3.4. Flood-Contributing Factors

Seven flood-contributing factors viz. elevation, topographic slope, flow accumulation, drainage density, topographic wetness index (TWI), rainfall, and land use were used for FSM in this study. The spatial resolution of these contributing factors was brought to a uniform spatial resolution of 100 m × 100 m (to match with that of the available flood inventory dataset) through resampling in ArcGIS 10.5. The natural break classification method was employed for class division of the factors. Spatial distribution maps for flood-contributing factors were prepared (Figure 3). The relative importance of each factor in FSM and other details associated with class distribution of factors are illustrated below.
  • Elevation (m): The height of a geographical feature above mean sea level is termed elevation. Elevation is a key parameter in the determination of flood-susceptible areas, and it also influences the climate of a region. Downstream low-elevation areas are generally more susceptible to flooding. The elevation data were categorized into five classes: (1) 80–110 m, (2) 110–115 m, (3) 115–120 m, (4) 120–125 m, and (5) 125–279 m. The north-eastern and western parts of the study area have elevations more than 220 m. The historical flood data analysis showed that the elevation range of 94–137 m covers almost 70% of the study area and contains the majority of past flood-inundated areas.

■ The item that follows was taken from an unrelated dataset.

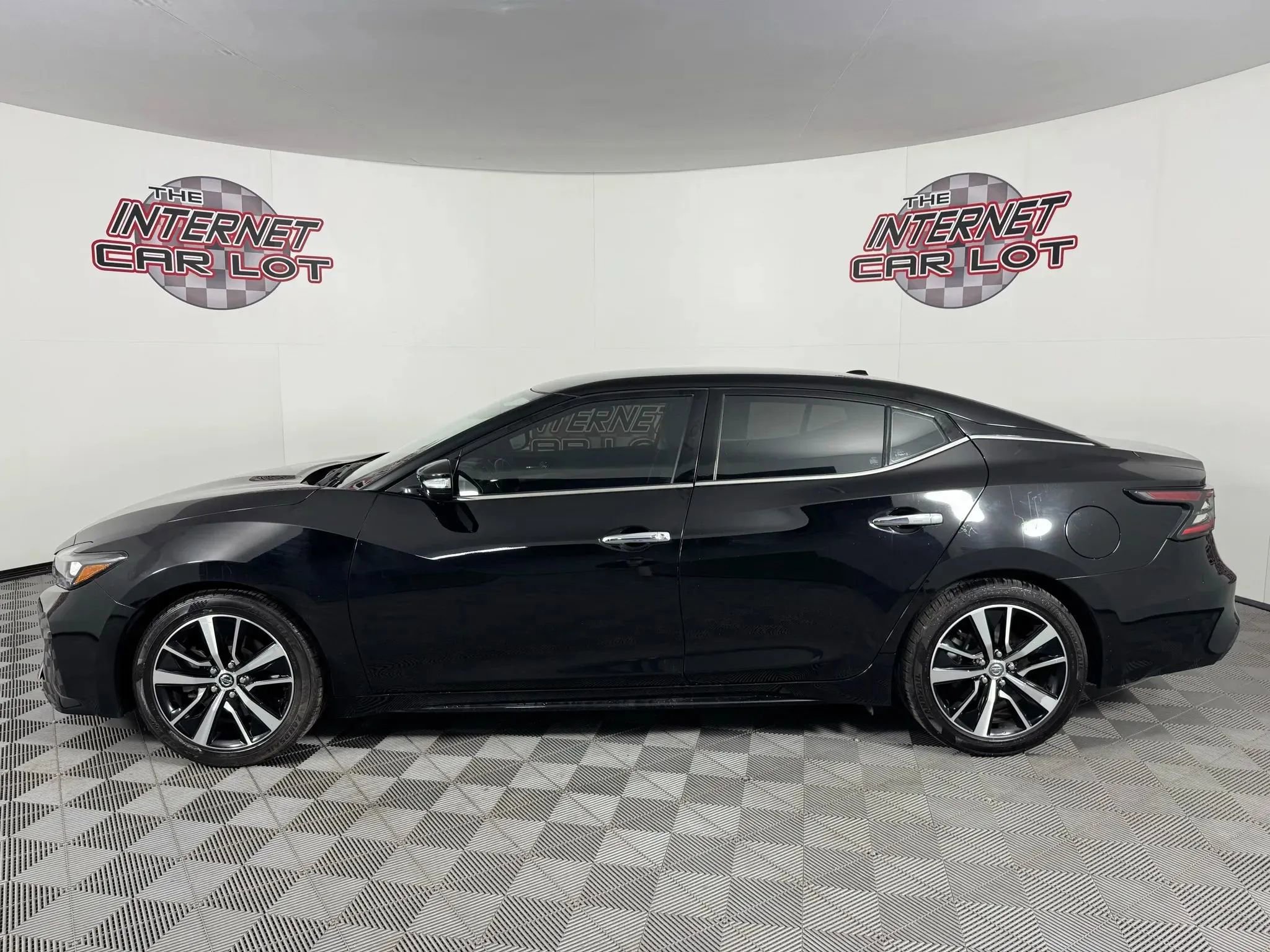 Used 2023 Nissan Maxima SV w/ Floor Mat Group image 4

  • Topographic slope (degree): The slope of a region is the difference between elevations of two points of the region divided by the distance between those two points. Surface runoff and infiltration rates are directly affected by the slope of a region. The slope of the study region was categorized into five classes: (1) 0–1°, (2) 1–2°, (3) 2–3°, (4) 3–4°, and (5) 4–10°. The slope range 0–3° covers nearly 80% of the study area and contains the majority of historical flood events.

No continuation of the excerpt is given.